• _TASK TO CARRY OUT_
Reproduce every entry exactly as shown.

::::

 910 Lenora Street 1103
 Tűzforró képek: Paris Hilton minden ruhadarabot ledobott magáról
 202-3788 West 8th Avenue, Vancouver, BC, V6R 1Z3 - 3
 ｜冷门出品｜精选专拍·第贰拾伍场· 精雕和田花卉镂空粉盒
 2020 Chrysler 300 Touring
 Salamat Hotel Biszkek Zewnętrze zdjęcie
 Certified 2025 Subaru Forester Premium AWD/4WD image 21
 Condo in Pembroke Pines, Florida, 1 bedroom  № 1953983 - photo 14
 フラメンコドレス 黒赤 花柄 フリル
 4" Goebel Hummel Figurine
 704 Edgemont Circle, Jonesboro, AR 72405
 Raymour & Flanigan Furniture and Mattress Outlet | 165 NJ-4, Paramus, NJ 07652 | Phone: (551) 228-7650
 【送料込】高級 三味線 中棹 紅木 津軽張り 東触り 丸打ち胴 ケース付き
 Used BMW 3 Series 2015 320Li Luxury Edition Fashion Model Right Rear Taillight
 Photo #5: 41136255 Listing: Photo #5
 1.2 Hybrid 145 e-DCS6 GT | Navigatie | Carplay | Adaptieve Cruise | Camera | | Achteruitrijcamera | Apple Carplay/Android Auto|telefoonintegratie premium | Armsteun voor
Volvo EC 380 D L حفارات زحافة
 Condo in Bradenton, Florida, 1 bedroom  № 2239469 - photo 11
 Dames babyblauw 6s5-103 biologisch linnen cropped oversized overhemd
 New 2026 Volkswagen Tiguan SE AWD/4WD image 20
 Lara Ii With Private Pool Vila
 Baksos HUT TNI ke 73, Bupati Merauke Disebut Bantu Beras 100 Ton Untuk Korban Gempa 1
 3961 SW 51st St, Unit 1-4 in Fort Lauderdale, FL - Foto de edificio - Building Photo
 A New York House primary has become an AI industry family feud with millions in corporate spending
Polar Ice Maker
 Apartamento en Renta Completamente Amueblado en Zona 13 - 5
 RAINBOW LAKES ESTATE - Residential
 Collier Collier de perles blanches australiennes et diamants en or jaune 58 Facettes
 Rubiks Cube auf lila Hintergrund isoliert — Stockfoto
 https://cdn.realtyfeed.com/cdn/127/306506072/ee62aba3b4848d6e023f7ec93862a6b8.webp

::::

• _OUTPUT_
 910 Lenora Street 1103
 Tűzforró képek: Paris Hilton minden ruhadarabot ledobott magáról
 202-3788 West 8th Avenue, Vancouver, BC, V6R 1Z3 - 3
 ｜冷门出品｜精选专拍·第贰拾伍场· 精雕和田花卉镂空粉盒
 2020 Chrysler 300 Touring
 Salamat Hotel Biszkek Zewnętrze zdjęcie
 Certified 2025 Subaru Forester Premium AWD/4WD image 21
 Condo in Pembroke Pines, Florida, 1 bedroom  № 1953983 - photo 14
 フラメンコドレス 黒赤 花柄 フリル
 4" Goebel Hummel Figurine
 704 Edgemont Circle, Jonesboro, AR 72405
 Raymour & Flanigan Furniture and Mattress Outlet | 165 NJ-4, Paramus, NJ 07652 | Phone: (551) 228-7650
 【送料込】高級 三味線 中棹 紅木 津軽張り 東触り 丸打ち胴 ケース付き
 Used BMW 3 Series 2015 320Li Luxury Edition Fashion Model Right Rear Taillight
 Photo #5: 41136255 Listing: Photo #5
 1.2 Hybrid 145 e-DCS6 GT | Navigatie | Carplay | Adaptieve Cruise | Camera | | Achteruitrijcamera | Apple Carplay/Android Auto|telefoonintegratie premium | Armsteun voor
Volvo EC 380 D L حفارات زحافة
 Condo in Bradenton, Florida, 1 bedroom  № 2239469 - photo 11
 Dames babyblauw 6s5-103 biologisch linnen cropped oversized overhemd
 New 2026 Volkswagen Tiguan SE AWD/4WD image 20
 Lara Ii With Private Pool Vila
 Baksos HUT TNI ke 73, Bupati Merauke Disebut Bantu Beras 100 Ton Untuk Korban Gempa 1
 3961 SW 51st St, Unit 1-4 in Fort Lauderdale, FL - Foto de edificio - Building Photo
 A New York House primary has become an AI industry family feud with millions in corporate spending
Polar Ice Maker
 Apartamento en Renta Completamente Amueblado en Zona 13 - 5
 RAINBOW LAKES ESTATE - Residential
 Collier Collier de perles blanches australiennes et diamants en or jaune 58 Facettes
 Rubiks Cube auf lila Hintergrund isoliert — Stockfoto
 https://cdn.realtyfeed.com/cdn/127/306506072/ee62aba3b4848d6e023f7ec93862a6b8.webp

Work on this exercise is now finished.